Maurice is now holding out for more money..................lolololo. 



> After initially agreeing to a three-year, $6.4 million contract with the Warriors, free agent Maurice Evans has changed his mind and is holding out for more money.
> It always comes down to money, doesn't it? Assuming the two sides reach an agreement, Golden State is unlikely to match the Clippers offer sheet for Kelenna Azubuike -- they only have until Friday to do so. Jul. 23 - 7:23 pm et


LMAO

http://www.contracostatimes.com/ci_9969553?source=rss


----------



## Bron_Melo_ROY

Well, if he doesn't sign afterall this, at least there'll be more minutes to go around for Belinelli and the other young bucks.


----------



## Damian Necronamous

LOL! And now the Warriors match the Clippers' offer to Azubuike!

Way to go, Evans.


----------



## Zuca

Maybe Clippers will sign Maurice Evans now that Kelenna offer was matched.


----------



## joser

ughhh Clips don't want evans. we really wanted Azubuike. 

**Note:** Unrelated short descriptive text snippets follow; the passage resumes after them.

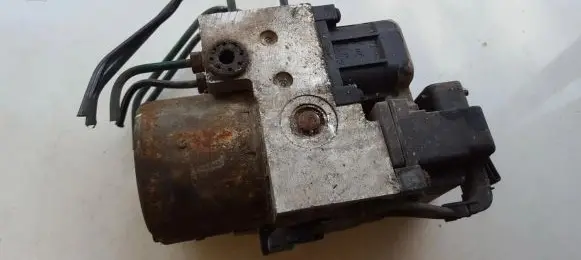 Renault Scenic I ABS Pump 0273004331 7700428070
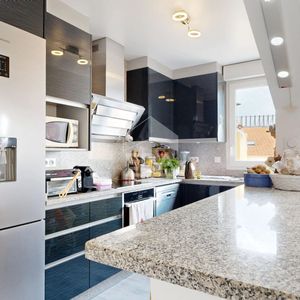 Property in Carre d'Argent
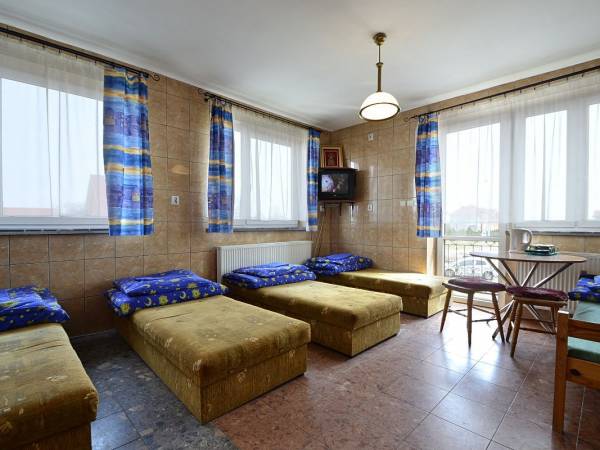 Dom Noclegowy Przystań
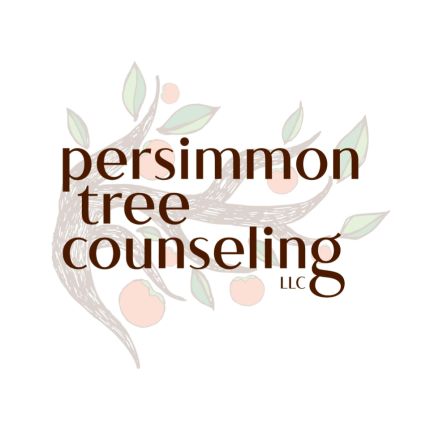 Logo de Persimmon Tree Counseling, LLC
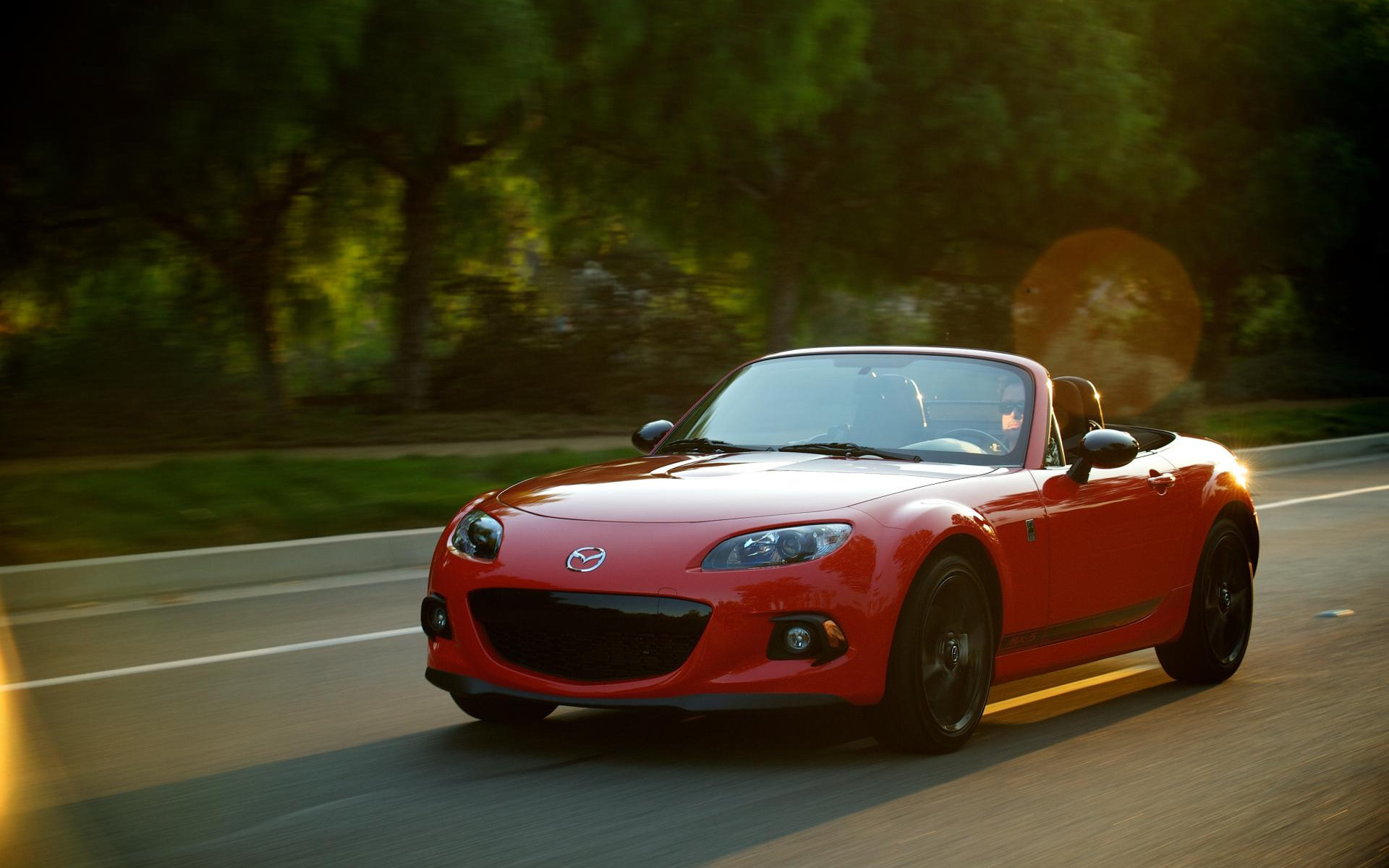 2013ԴMX-5ɫֽ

Warriors fan, would you have prefered Evans or Azuibuike?


----------



## gi0rdun

They have both now! :S


----------



## scapegoat

good signing. if the w's can sign biedrins, i like their chances more than the clippers or nuggets. the pressure is on wright and i feel that he'll deliver.


----------



## Blue

Well, Evans just signed with the Hawks...... 3 years, 7.5 mil. Good for him.


----------



## WhoDaBest23

Well Evans got that extra $1 million with the Hawks. He'd have more PT there anyways now that Azubuike's back. I'd rather see Belinelli or Randolph get some burn for the Warriors (well if Nellie's willing to give it to them).


----------



## gi0rdun

Oh so they didn't get Evans... Ok.


----------